◆ **TASK PROMPT**
Exclude the images and transcribe the entries below precisely.

◆ **SUPPLIED MATERIAL**
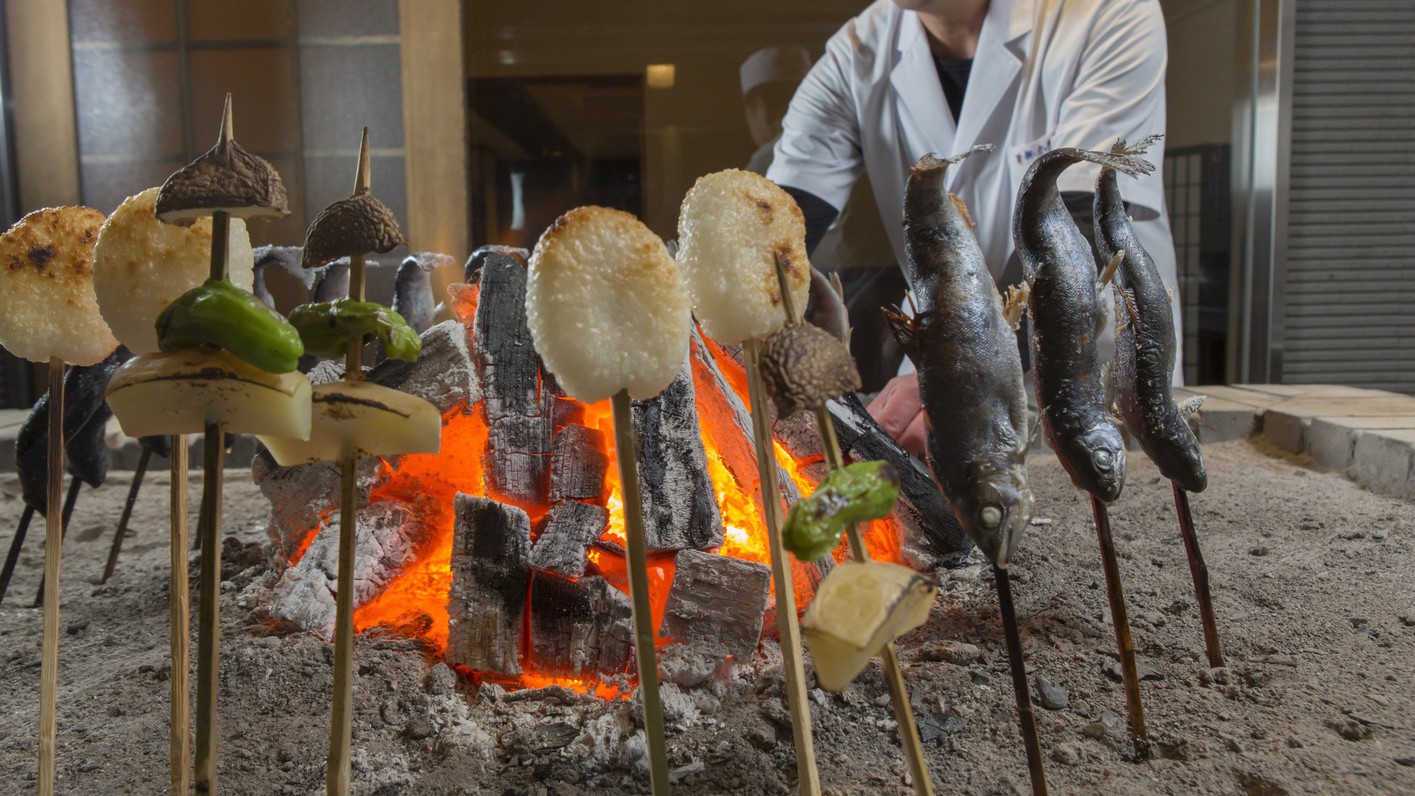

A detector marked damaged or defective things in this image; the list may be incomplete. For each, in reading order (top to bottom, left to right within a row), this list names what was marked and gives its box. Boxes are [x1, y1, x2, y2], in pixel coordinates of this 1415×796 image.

charred wood piece [447, 494, 532, 675]
charred wood piece [526, 500, 602, 576]
charred wood piece [529, 574, 633, 678]
charred wood piece [662, 551, 775, 687]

◆ **ANSWER BOX**
A detector marked damaged or defective things in this image; the list may be incomplete. For each, in reading order (top to bottom, left to right within a row), this list names what was marked and gives its box. Boxes are [x1, y1, x2, y2], in pixel coordinates of this 1415×796 image.

charred wood piece [447, 494, 532, 675]
charred wood piece [526, 500, 602, 576]
charred wood piece [529, 574, 633, 678]
charred wood piece [662, 551, 775, 687]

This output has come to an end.